We’ve written about how large Android and iOS’ combined slice of the smartphone market is before. It doesn’t look like that situation’s about to change any time soon.
Even in a shrinking mobile phone market, the two operating systems have managed to carve out a considerable lead for themselves.
In fact, new research from tech analysis company IDC suggests that over 80% of smartphones shipped in the first quarter of 2011 rocked one of the two OS’.
The company’s figures give Android slightly larger share of the market than a similar study recently conducted by fellow research company Gartner.
IDC reckons that around 59% of smartphones carry Android, while Gartner gives it 56% of the market. Both companies give iOS a 23% stake in the market.
“The popularity of Android and iOS stems from a combination of factors that the competition has struggled to keep up with,” said Ramon Llamas, senior research analyst with IDC’s Mobile Phone Technology and Trends programme. “Neither Android nor iOS were the first to market with some of these features, but the way they made the smartphone experience intuitive and seamless has quickly earned a massive following.”
Another thing common to both studies is the decline of BlackBerry and Symbian, which Nokia appears to be reluctant to abandon completely – as evidenced by its appearance on the 808 Pureview.
Both also suggest that Windows Phone is on the decline, despite Nokia’s efforts at pushing it on the Lumia range of smartphones.

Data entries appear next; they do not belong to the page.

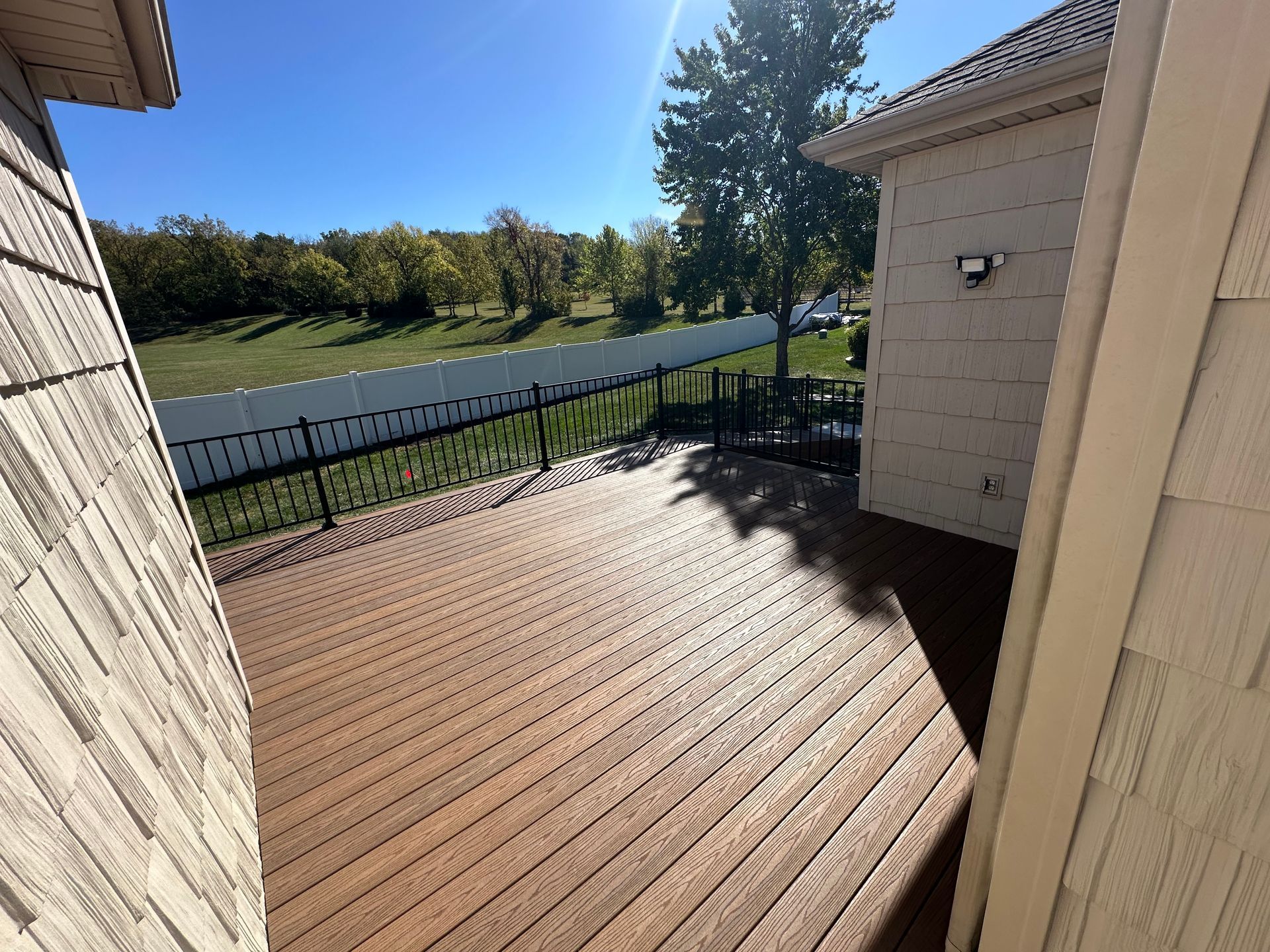 Wooden deck with a black fence overlooking a green field and trees, seen on a sunny day.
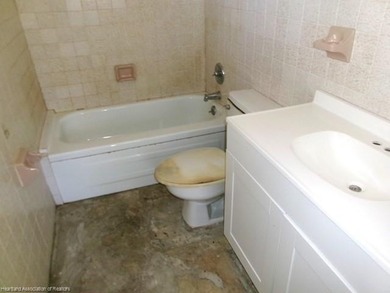 On the affordable side for a home. This is a block home with 3 - photo 9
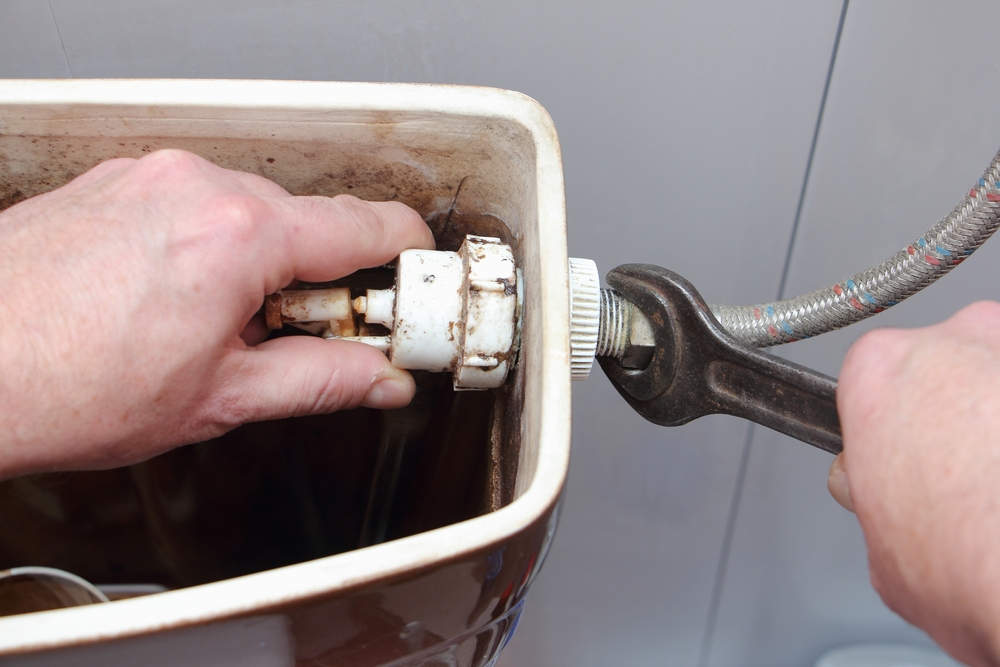 The plumber's hands unscrew the filling pipe nut from old dirty water fill valve in the empty drain toilet tank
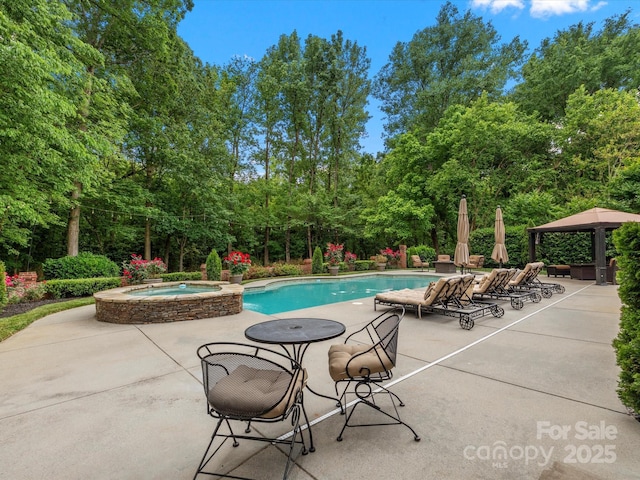 13029 Whisper Creek Dr, Charlotte, NC 28277 - view of pool with a gazebo, a patio area, and a pool with connected hot tub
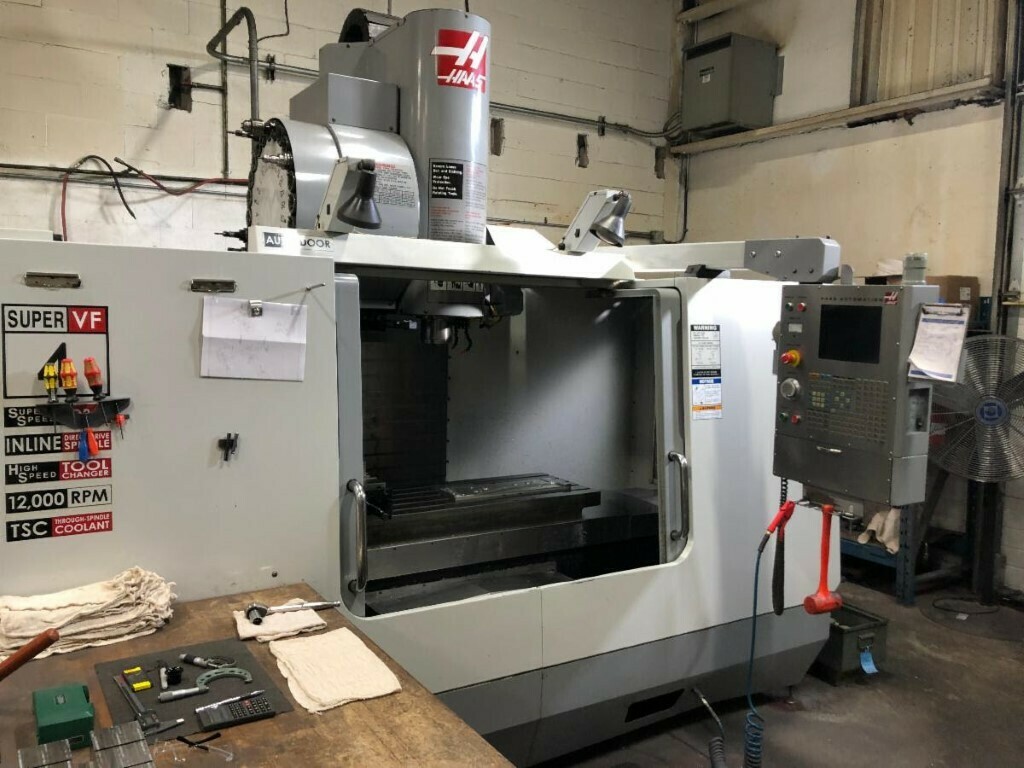 1 - USED HAAS VF4SS 4TH AND 5TH AXIS VERTICAL CNC MACHINING CENTER
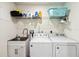Functional laundry room with a utility sink, storage cabinets, washer, and dryer at 9826 Heron Pointe Dr, Orlando, FL 32832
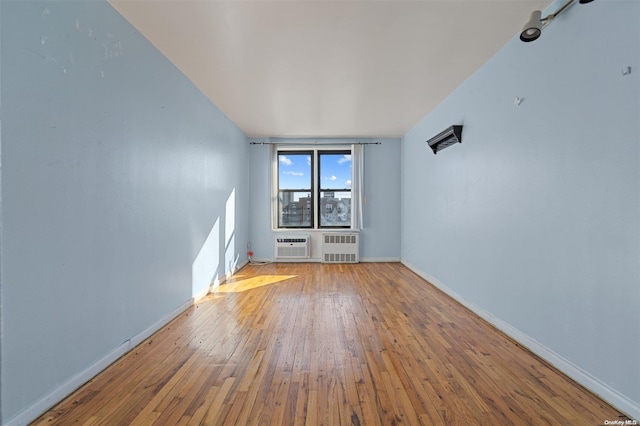 spare room featuring hardwood / wood-style floors, a wall mounted air conditioner, and radiator heating unit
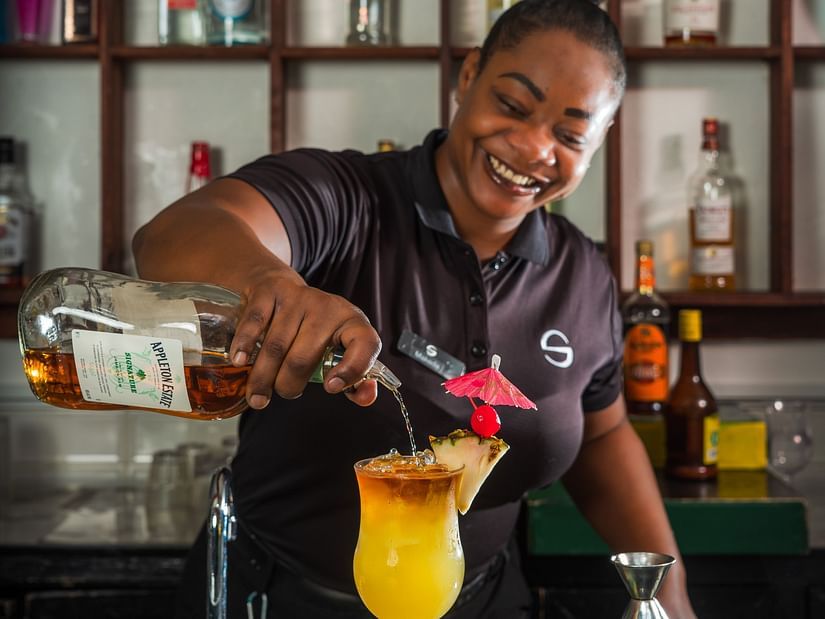 A bartender pouring a cocktail into a glass containing  a fruit peel and a cocktail umbrella - S Hotel Montego Bay, Jamaica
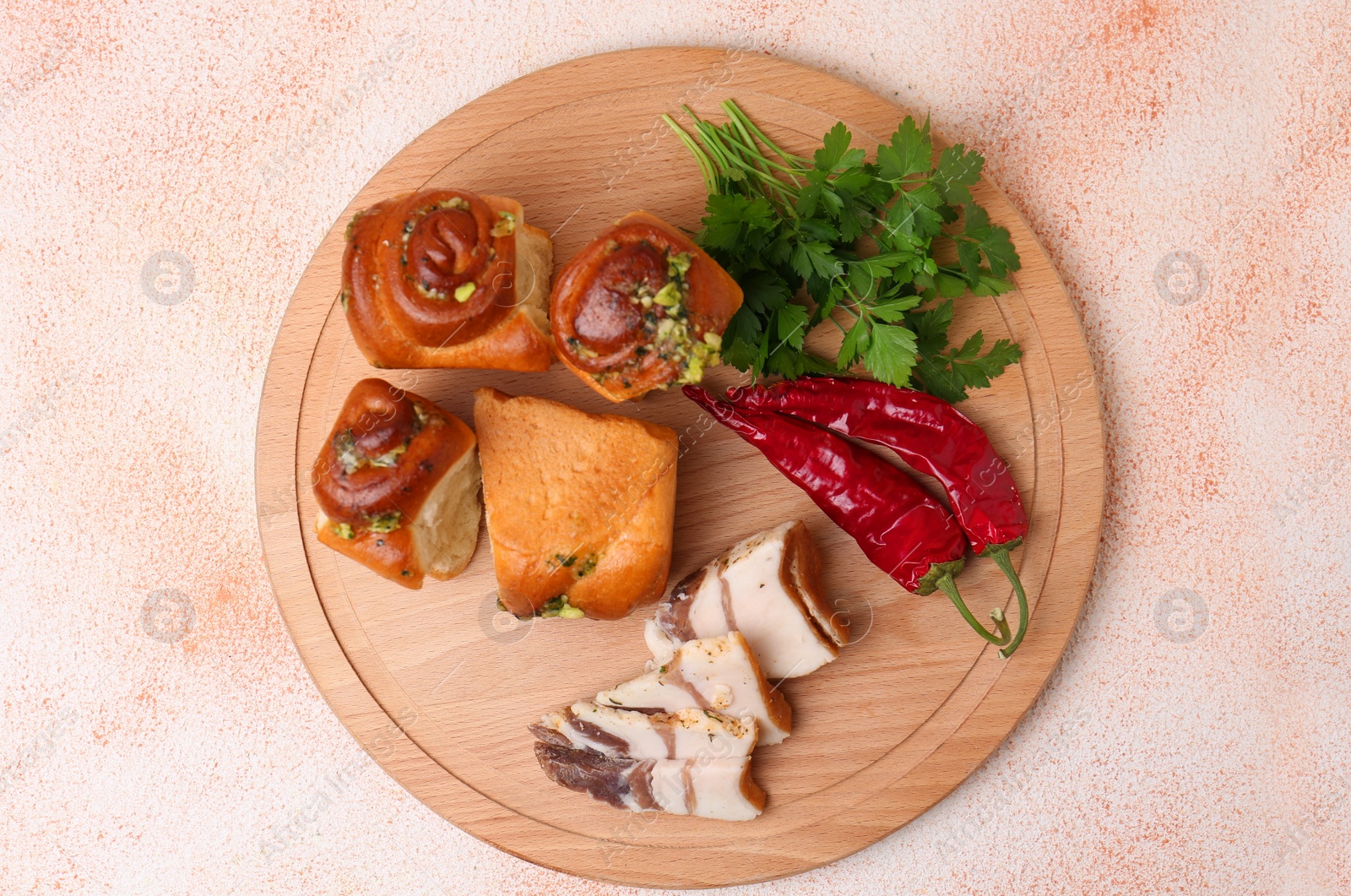 Photo of Delicious pampushky (buns with garlic), salo, peppers and parsley on color textured table, top view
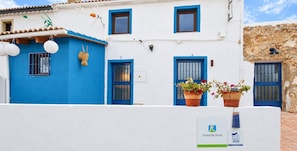 Un edificio blanco con puertas y ventanas azules, un letrero con el número 7 y plantas en macetas en el balcón.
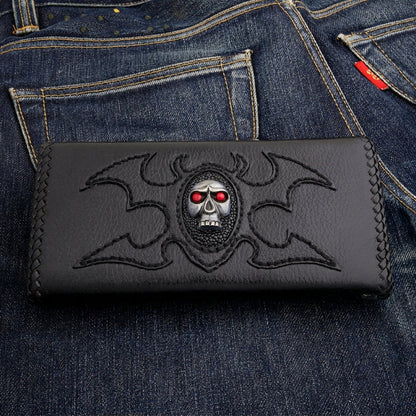 Red eye skull leather trucker wallet — silver-tone skull on a stingray oval with stitched tribal wings, black cowhide
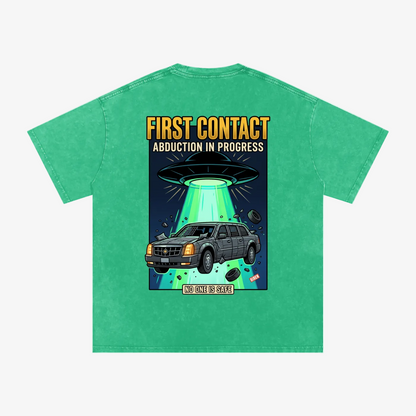 A green short-sleeve t-shirt with a graphic print on the back. The graphic features a gray Cadillac Escalade SUV under a glowing green UFO with the text 'FIRST CONTACT ABDUCTION IN PROGRESS' in yellow and white.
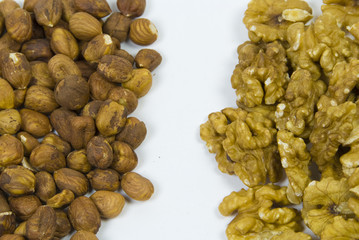 pile of hazelnuts and walnuts prepared for eating raw or baking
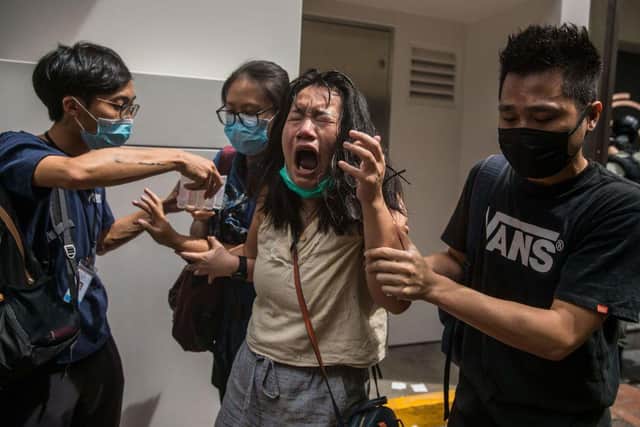 A woman reacts after she was hit with pepper spray deployed by police as they cleared a street with protesters (Photo: DALE DE LA REY/AFP via Getty Images)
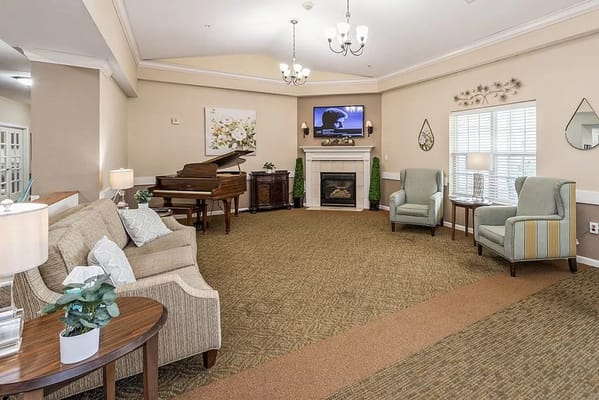 Comfortable seating area with a fireplace and piano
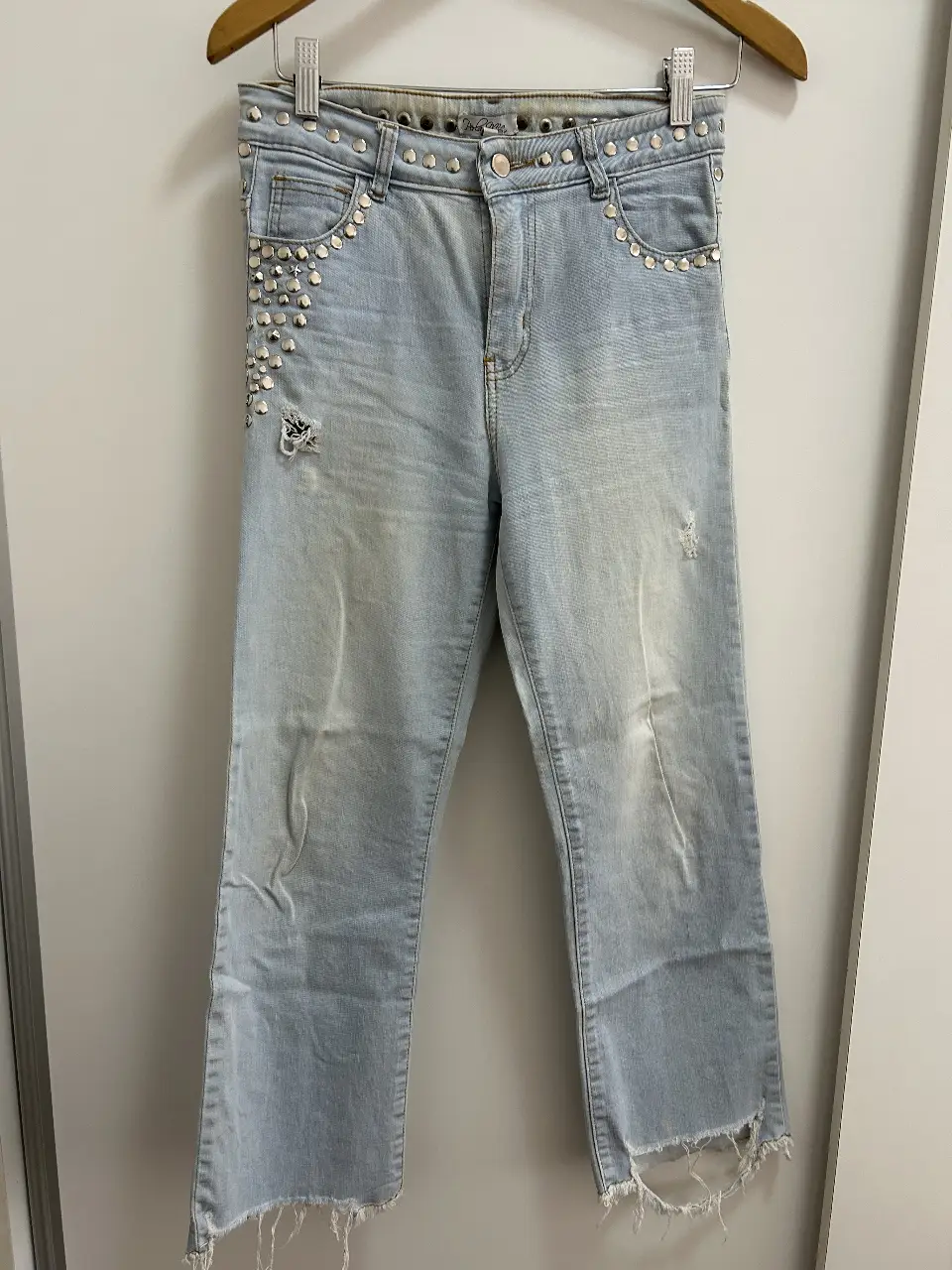 Jeans celeste con detalles de tachas plateadas en cintura y bolsillos traseros. Diseño con roturas y flecos en el bajo. Talle 40.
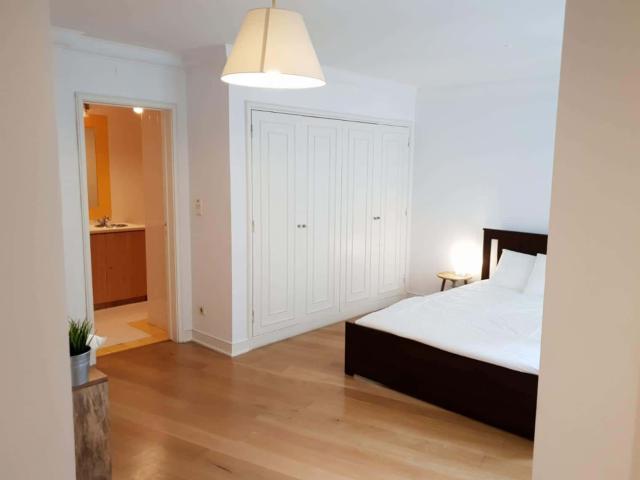 Quarto com cama de casal, com casa de banho privada, em apartamento com 6 quartos FLAT LUPI LUPI 6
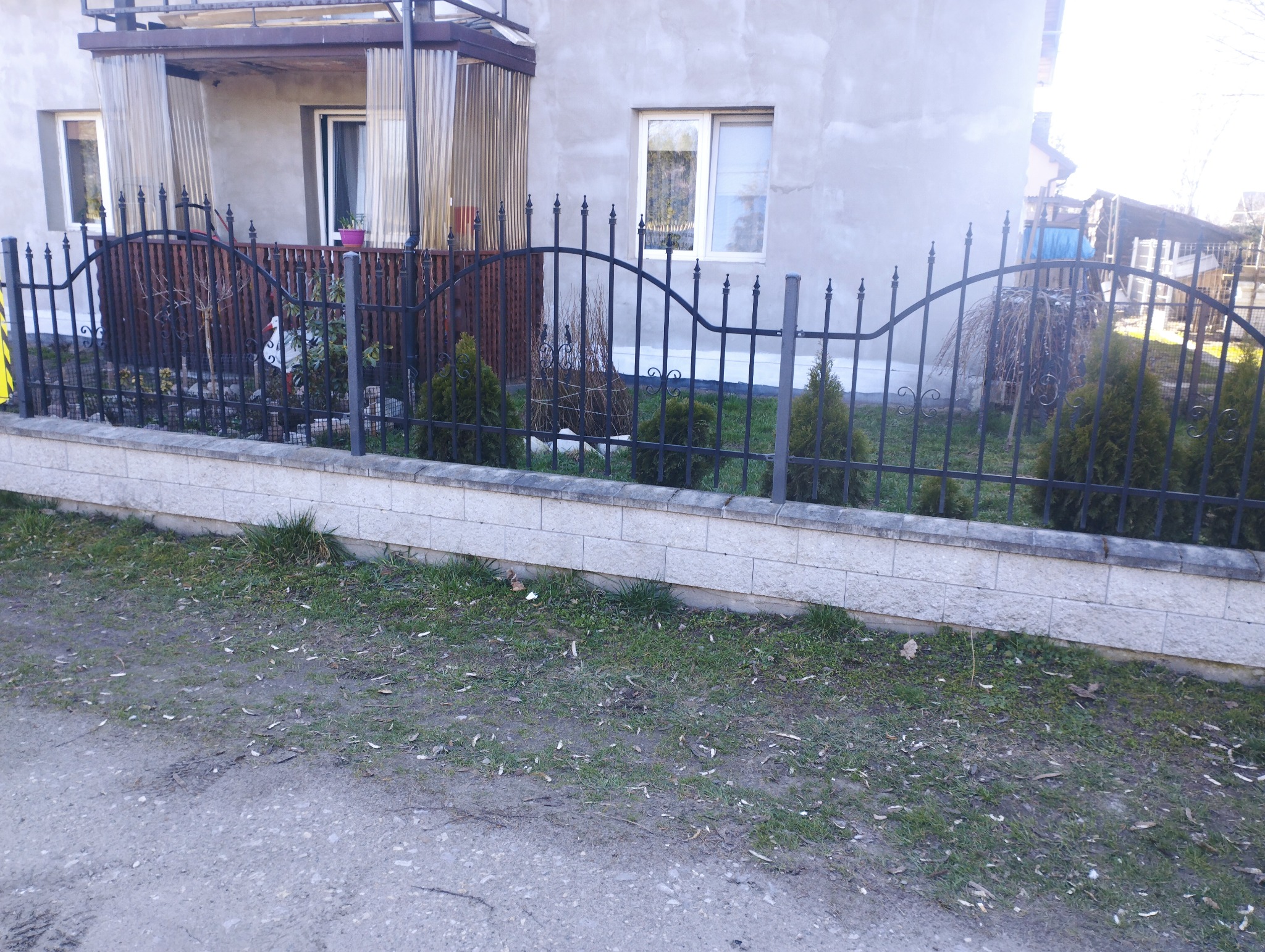 Szary dom jednorodzinny z czarnym, metalowym ogrodzeniem na niskiej, murowanej podmurówce, z widocznymi młodymi tujami posadzonymi wzdłuż ogrodzenia.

The research company doesn’t think competitive OS’ will have an easy task of catching up to Android and iOS.
“In order for operating system challengers to gain share, their creators and hardware partners need to secure developer loyalty,” said Kevin Restivo, senior research analyst with IDC’s Worldwide Mobile Phone Tracker programme. “This is true because developer intentions or enthusiasm for a particular operating system is typically a leading indicator of hardware sales success.”